Much power lies in the conveyance of information—in terms of both content and delivery. In an organization like a zoo or museum, communication often comes down to the label presented along with an exhibit. To a biologist who has studied an animal to great extent, a label bearing just that animal’s name would carry a great deal of information, but to a child encountering that animal for the first time, it would be virtually meaningless. Bennett sees an incredible opportunity in increasing the effectiveness of messaging. Thoughtful communication has the potential to not only educate, but inspire. “I originally got involved with zoos and aquariums because I felt it was so important to start exploring how to ‘get it right’ when it came to talking to people about animals,” she says, “especially when it came to conservation efforts and the trouble many species are in – often because of human actions/behavior.”
Collaboration & Connection
The heart of the co-design effort lies in collaboration. Now, at the beginning stages of the project, efforts are focused on building a coalition of voices and input. The AmeriCorps VISTA staff members are currently the connection to the various communities surrounding the zoo that the project hopes to involve in the co-design process. They have strong connections to the neighborhoods involved in the project, and much of their job centers around creating valuable relationships with local organizations, businesses, educational institutions, and individuals/ families.

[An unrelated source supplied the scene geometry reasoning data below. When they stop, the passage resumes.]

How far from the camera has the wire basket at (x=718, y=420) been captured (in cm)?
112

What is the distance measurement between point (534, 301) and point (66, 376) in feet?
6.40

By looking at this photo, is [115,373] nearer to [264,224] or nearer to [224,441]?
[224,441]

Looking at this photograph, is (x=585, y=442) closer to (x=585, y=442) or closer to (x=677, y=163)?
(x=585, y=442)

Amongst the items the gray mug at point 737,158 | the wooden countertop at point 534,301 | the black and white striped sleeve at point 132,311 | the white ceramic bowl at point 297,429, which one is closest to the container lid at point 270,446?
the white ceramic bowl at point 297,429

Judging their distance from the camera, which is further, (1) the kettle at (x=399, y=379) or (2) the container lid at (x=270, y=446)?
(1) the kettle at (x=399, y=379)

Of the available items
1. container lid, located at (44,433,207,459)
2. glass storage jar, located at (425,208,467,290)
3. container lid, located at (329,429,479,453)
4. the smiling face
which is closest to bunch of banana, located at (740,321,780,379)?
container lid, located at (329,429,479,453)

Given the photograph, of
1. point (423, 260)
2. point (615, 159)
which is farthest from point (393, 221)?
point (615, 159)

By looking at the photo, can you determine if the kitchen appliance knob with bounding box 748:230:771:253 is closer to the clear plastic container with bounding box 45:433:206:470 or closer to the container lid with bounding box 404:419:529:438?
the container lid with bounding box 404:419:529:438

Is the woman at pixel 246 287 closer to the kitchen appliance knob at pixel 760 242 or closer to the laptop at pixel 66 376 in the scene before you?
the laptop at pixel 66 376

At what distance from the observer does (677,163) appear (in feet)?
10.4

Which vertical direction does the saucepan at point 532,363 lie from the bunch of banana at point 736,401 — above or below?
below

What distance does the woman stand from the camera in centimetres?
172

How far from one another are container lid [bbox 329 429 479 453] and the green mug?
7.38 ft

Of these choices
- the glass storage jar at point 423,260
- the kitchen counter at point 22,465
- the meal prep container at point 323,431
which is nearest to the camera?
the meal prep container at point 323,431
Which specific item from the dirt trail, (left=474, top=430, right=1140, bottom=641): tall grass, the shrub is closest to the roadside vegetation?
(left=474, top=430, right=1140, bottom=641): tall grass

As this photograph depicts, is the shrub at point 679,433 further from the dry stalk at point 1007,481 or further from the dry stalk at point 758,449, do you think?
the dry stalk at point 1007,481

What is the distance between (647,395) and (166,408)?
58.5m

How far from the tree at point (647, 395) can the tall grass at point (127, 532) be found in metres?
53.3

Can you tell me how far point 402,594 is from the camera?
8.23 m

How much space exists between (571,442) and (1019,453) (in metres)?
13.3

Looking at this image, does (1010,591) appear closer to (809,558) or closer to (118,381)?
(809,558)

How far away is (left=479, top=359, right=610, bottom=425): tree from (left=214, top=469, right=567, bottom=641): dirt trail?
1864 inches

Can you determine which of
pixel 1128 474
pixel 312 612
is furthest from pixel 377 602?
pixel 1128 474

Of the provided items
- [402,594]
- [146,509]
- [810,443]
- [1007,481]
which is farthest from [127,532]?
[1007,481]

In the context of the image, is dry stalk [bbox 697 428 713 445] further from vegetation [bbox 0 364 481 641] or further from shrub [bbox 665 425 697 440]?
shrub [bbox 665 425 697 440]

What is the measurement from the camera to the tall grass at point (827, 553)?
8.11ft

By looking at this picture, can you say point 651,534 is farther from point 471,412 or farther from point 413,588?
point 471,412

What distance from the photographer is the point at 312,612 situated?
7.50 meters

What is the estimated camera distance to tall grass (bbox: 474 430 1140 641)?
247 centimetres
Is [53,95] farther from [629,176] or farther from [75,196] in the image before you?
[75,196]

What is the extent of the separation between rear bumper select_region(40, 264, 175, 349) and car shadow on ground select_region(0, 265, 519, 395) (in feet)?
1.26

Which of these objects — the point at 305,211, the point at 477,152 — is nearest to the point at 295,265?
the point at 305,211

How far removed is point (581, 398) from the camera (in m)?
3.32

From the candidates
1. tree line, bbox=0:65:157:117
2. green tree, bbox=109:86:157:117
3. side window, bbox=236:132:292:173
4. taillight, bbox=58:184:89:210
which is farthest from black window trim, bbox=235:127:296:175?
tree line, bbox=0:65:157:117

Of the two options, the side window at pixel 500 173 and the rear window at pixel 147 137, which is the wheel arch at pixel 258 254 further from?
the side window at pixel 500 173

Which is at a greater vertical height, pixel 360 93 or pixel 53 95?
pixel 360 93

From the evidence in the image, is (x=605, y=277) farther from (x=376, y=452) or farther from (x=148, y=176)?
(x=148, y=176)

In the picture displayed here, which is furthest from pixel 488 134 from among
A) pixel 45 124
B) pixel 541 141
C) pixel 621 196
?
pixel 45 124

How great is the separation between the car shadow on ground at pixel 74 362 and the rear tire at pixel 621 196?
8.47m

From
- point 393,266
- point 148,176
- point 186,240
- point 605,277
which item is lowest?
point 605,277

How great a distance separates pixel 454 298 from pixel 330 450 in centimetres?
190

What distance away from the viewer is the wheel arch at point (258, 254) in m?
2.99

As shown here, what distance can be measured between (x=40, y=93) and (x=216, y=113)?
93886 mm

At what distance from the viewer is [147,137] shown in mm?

As the endeavor progresses, focus groups and larger-scale community meetings will provide local residents and organizations opportunities to speak about what the zoo offers to the community, casting them in decision-maker roles along with facility staff and management.

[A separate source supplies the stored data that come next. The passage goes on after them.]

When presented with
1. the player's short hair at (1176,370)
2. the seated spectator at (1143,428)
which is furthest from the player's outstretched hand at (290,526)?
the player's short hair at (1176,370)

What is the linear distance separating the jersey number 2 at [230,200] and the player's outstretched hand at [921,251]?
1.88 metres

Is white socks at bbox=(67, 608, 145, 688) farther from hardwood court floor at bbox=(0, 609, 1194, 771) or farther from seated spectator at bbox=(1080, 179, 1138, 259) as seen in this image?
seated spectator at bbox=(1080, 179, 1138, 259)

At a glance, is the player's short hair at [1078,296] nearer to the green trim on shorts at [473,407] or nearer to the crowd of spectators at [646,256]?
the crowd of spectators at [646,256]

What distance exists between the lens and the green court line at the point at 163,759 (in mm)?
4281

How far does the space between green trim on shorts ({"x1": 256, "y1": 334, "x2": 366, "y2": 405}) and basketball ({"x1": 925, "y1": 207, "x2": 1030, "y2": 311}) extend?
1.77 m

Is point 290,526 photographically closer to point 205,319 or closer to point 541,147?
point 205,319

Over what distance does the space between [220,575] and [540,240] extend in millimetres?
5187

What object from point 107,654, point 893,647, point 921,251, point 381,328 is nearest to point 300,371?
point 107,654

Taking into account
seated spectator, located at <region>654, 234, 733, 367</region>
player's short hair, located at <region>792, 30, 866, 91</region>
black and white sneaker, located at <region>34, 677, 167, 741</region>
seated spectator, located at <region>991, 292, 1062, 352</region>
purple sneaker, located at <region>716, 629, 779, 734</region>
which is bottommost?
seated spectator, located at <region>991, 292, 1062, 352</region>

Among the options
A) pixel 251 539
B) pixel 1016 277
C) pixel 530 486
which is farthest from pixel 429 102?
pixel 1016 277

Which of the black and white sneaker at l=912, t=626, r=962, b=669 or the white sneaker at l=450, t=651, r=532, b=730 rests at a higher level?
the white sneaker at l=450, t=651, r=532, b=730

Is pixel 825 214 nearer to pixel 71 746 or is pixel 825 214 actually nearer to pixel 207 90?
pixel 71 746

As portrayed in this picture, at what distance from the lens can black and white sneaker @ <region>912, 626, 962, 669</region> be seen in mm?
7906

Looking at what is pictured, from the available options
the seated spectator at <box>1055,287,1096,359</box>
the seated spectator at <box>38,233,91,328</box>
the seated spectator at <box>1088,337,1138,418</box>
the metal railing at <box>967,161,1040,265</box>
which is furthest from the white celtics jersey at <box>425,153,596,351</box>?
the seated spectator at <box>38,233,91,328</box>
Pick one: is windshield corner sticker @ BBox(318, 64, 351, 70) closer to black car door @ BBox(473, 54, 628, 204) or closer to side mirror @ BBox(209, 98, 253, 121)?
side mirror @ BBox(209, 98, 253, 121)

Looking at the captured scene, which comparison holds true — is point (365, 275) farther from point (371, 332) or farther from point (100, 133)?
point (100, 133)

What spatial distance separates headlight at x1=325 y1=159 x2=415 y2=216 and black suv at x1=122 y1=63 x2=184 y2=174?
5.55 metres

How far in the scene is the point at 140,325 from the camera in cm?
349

It is this same spirit of connectivity and collaboration that drew Bennett to the Conservation Psychology program at AUNE. She appreciates the interdisciplinary nature of the program, and the way students are guided through the structured process so that their interests and passions can be combined with academics and scholarship to work towards producing innovative approaches/solutions to environmental issues. “The world needs new and more effective ways of strategic thinking through existing and new challenges to come,” she says, “and Antioch’s social justice-oriented approach seems to me to be an important part of creating and fostering such initiatives.”